Since mid-June, the library has lost 29 DVDs to theft, according to Lori Quinn, director of Circulation and Technical Services. The empty DVD cases are being left throughout the library.
“The average price is $22, and it’s really adding up,” Quinn said. The missing videos are mostly action-adventure titles, such as “Blade,” “The Matrix” and “Scarface.” This week the library discovered three more titles missing: “G.I. Joe: The Rise of Cobra,” “Tropic Thunder,” and “The Hangover.”
“The genre we’re finding is mostly action or male-dominated, testosterone-driven movies,” Quinn said. Librarians speculated the thefts were likely being perpetrated by a single individual.
“It saddens me that there’s a person who is doing this for whatever reason. It could be extreme boredom, mental illness, or adolescent arrogance – and it’s adolescent whether or not it’s a young person,” Pelcyger said. “To steal from a community, from a family, hurts the people this person sees every day.”
Theft
I don’t know what Glen Rock is like, but here in FL, our stolen DVDs go straight to pawnshops, thift stores and flea market sales.
That’s the same with DVDs
That’s the same with DVDs stolen from our library. They get sold for money to thrift shops, pawnshops, Mom& Pop grocery stores. lately our library system has had a rash of people taking out new cards, going from library to library taking out as many DVDs as possible at each library then selling them. Since items don’t officially go “lost” for 3 months, the patron can spend 3 months going from library to library checking out DVDs and before you know it they have 50-100 DVDs from various libraries that they have sold. What is more worrying to me is that these pawnshops, etc. don’t report them stolen. They had to have known they were stolen considering most libraries put stamps and labels on the cases and the actual DVD.
Security
Many libraries, like the now-disappearing video stores, have empty, but labelled, video cases in the browsing area. Cases containing the actual DVDs are stored behind the circulation desk. Patrons select the movie they want and bring it to the circulation desk for check it out. Circulation staff then get the actual DVD for the patron and put the empty case in the storage space until the actual DVD is returned, at which point the empty case is returned to the browsing area. The question remains how to secure DVDs in libraries with self-checkout.
re: security
We keep the DVDs behind the desk. For people who use self CKO, they still need to see a staff member to get their DVDs. It has not been an issue.

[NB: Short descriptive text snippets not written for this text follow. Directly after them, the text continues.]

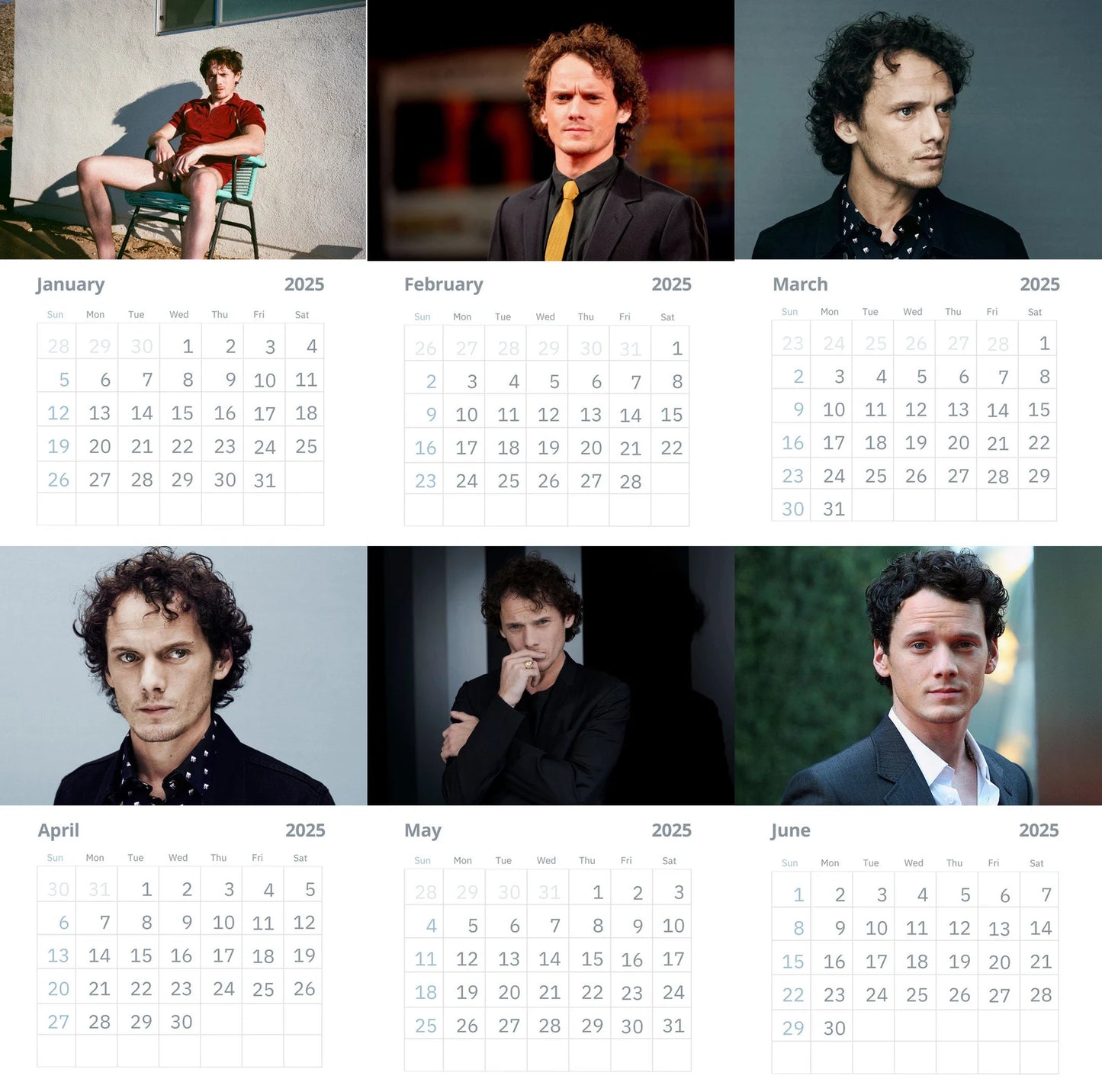 Anton Yelchin Wall Calendar 2025 (Large Size)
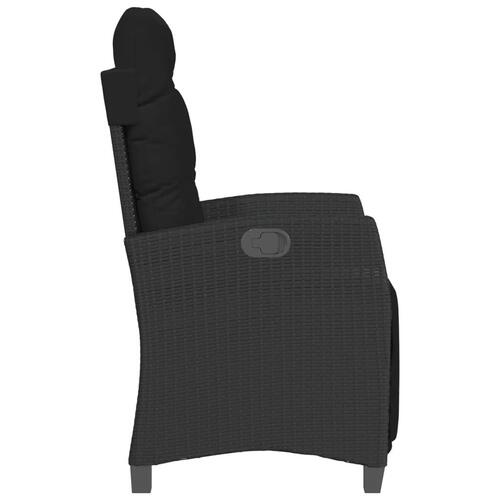 Havestol med justerbart ryglæn og fodstøtte polyrattan sort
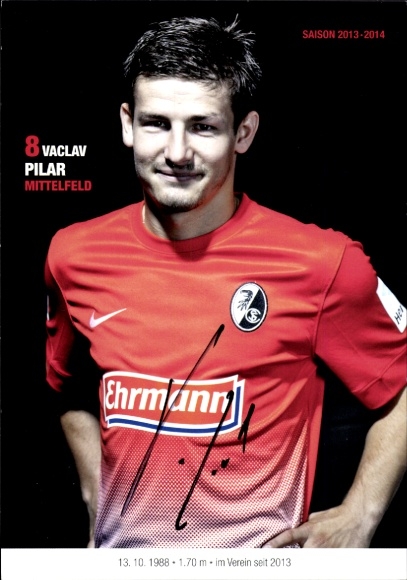 Autogrammkarte Fußballer Vaclav Pilar, SC Freiburg, Autogramm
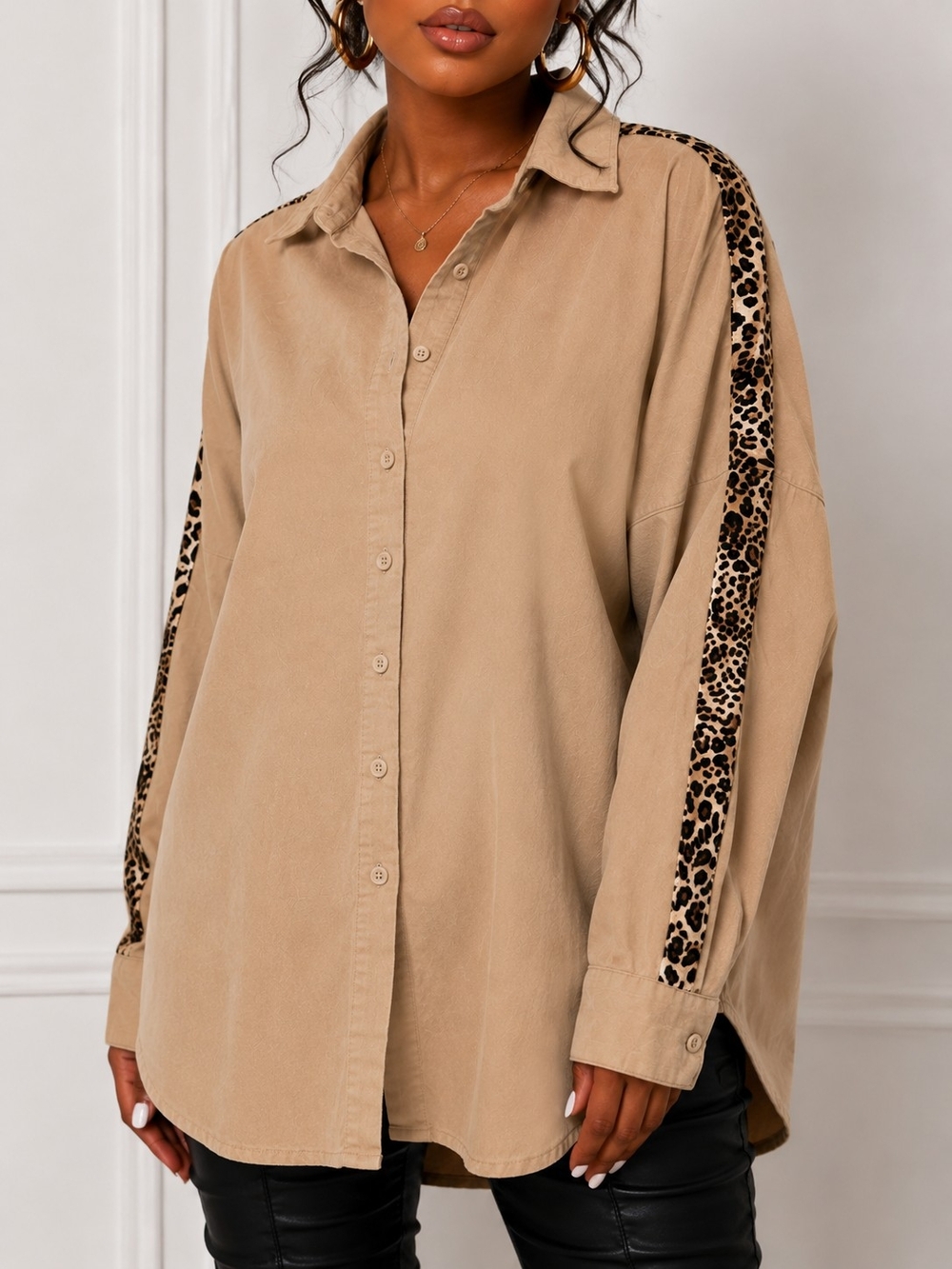 Leopard-Trim Oversized Shirt Jacket in Tan-Women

We do that too but it still
We do that too but it still doesn’t stop our DVDs from being stolen.
for the police
scan the dvds for finger prints and then check every bodys finger print in glen rock and the finger prints that were on the cover then check the finger print peoples house
have no dvds in their cases
have no dvds in their cases and keep them behind the desk in a drawer locked like game stop has their games
Lock up Childrens’ DVDs and Limit Adult content to non-fiction
Due to many thefts, we not lock up the DVDs for children, and only offer non-fiction (documentaries, fitness and educational) DVDs to adults. We lose very few…
solution?
I don’t think the solution is to limit types/genres.